#### Task statement:
Omit all pictures and transcribe only the lines in the entries below that run from the line with "Florence Yellow and" through the line with "Montre Darling Whitehaven".

#### Data provided:
++++++
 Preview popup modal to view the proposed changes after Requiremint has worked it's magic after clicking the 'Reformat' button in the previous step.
++++++
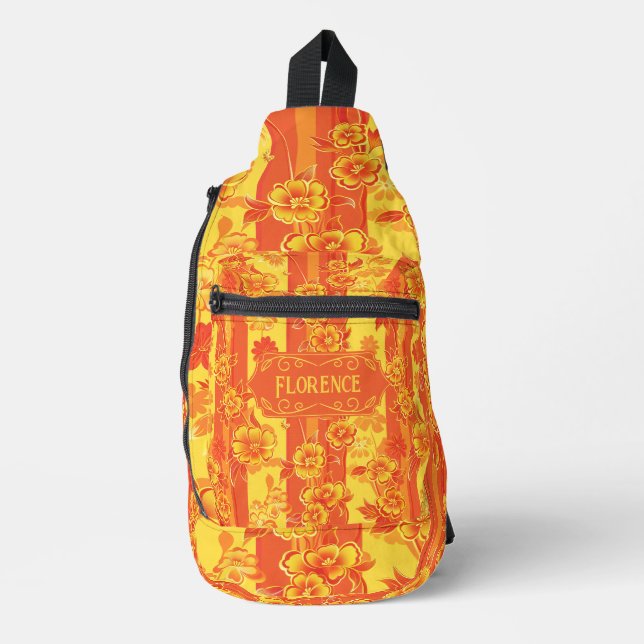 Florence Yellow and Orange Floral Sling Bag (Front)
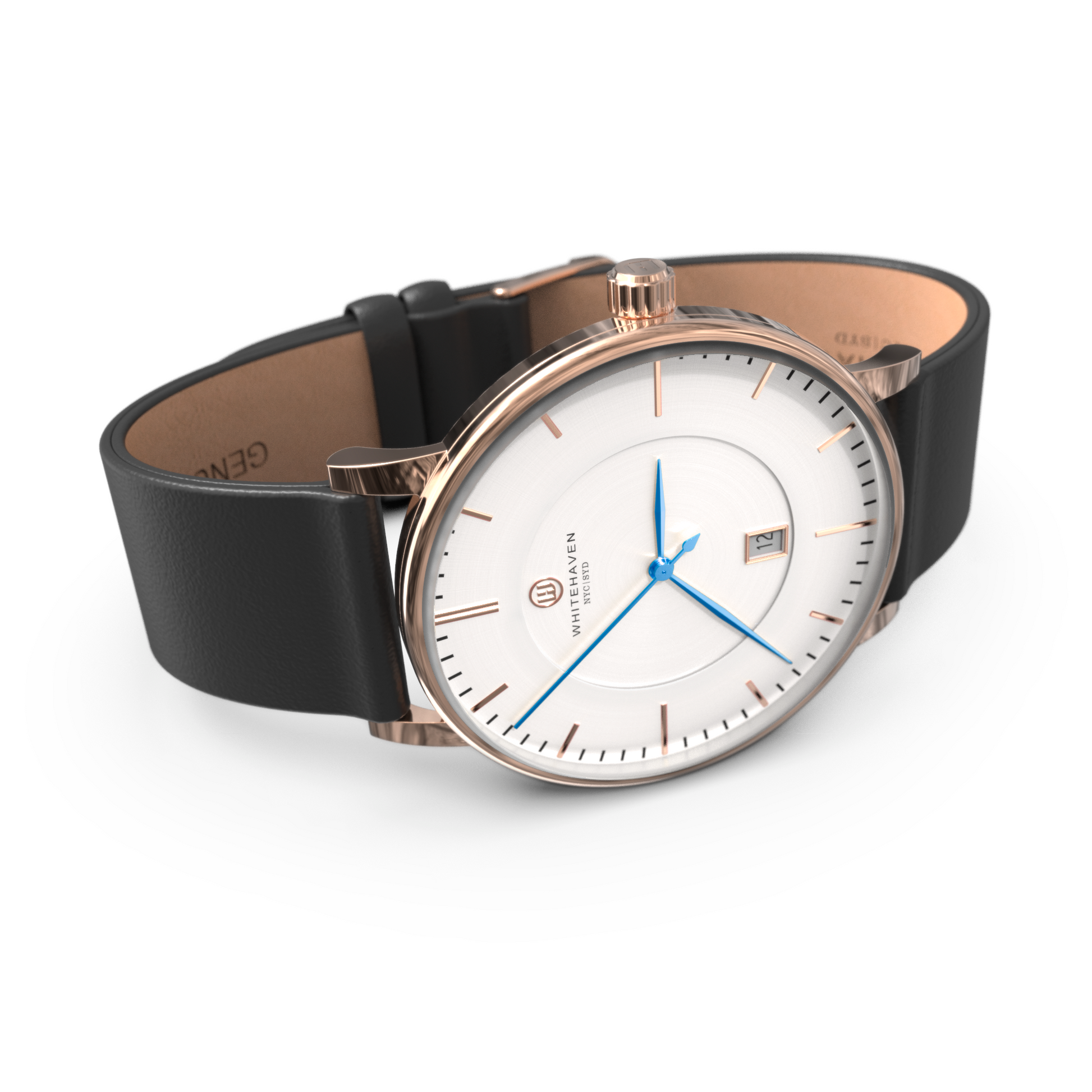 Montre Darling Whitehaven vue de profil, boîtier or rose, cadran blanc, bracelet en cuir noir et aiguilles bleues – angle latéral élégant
++++++
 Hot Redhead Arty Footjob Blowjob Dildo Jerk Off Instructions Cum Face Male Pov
++++++
#### Result of the exercise:
 Florence Yellow and Orange Floral Sling Bag (Front)
 Montre Darling Whitehaven vue de profil, boîtier or rose, cadran blanc, bracelet en cuir noir et aiguilles bleues – angle latéral élégant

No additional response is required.